Exactly the lines below, starting with the one containing "Here are the" and going on through the one containing "This section shows", must be reproduced, both ends included, and no pictures with them.

Top of SOURCE RECORDS

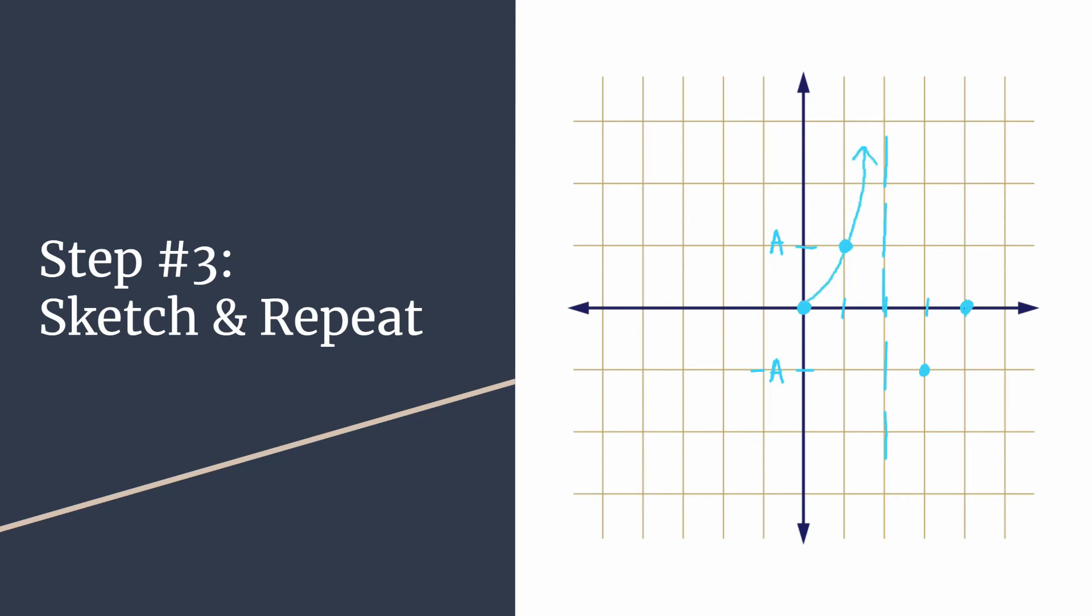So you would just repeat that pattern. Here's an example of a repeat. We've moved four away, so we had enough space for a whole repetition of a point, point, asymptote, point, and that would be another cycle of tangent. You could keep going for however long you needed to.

Bottom of SOURCE RECORDS
Top of SOURCE RECORDS

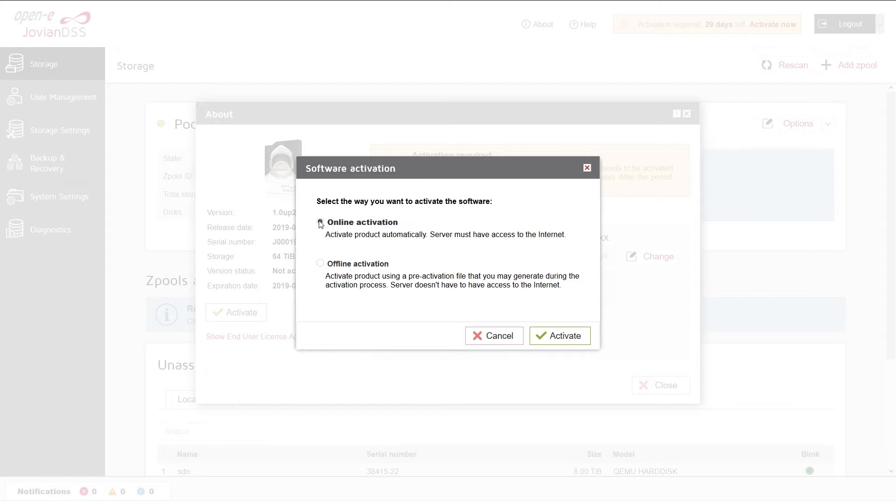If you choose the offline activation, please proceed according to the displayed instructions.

Bottom of SOURCE RECORDS
Top of SOURCE RECORDS

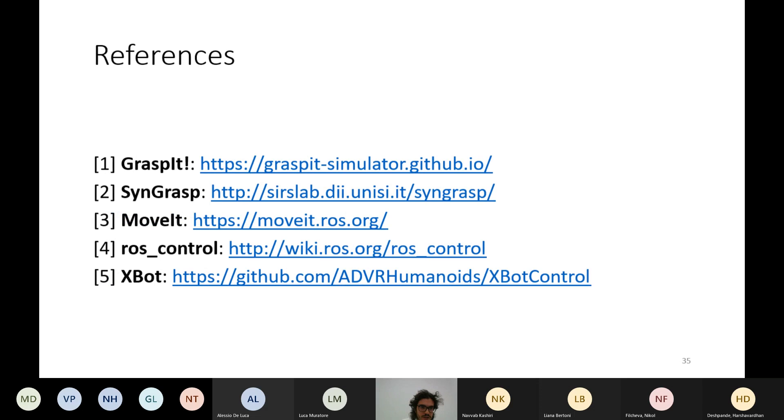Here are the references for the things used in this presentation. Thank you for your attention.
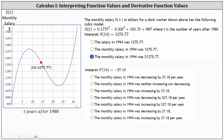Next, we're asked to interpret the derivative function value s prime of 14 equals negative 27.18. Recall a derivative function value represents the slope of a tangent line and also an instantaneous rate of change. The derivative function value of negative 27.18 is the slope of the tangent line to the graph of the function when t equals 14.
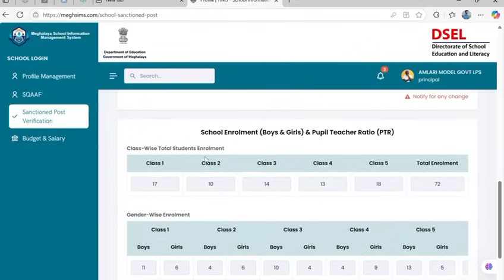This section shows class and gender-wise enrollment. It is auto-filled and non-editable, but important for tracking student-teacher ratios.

Bottom of SOURCE RECORDS

EXPECTED ANSWER:
Here are the references for the things used in this presentation. Thank you for your attention.
Next, we're asked to interpret the derivative function value s prime of 14 equals negative 27.18. Recall a derivative function value represents the slope of a tangent line and also an instantaneous rate of change. The derivative function value of negative 27.18 is the slope of the tangent line to the graph of the function when t equals 14.
This section shows class and gender-wise enrollment. It is auto-filled and non-editable, but important for tracking student-teacher ratios.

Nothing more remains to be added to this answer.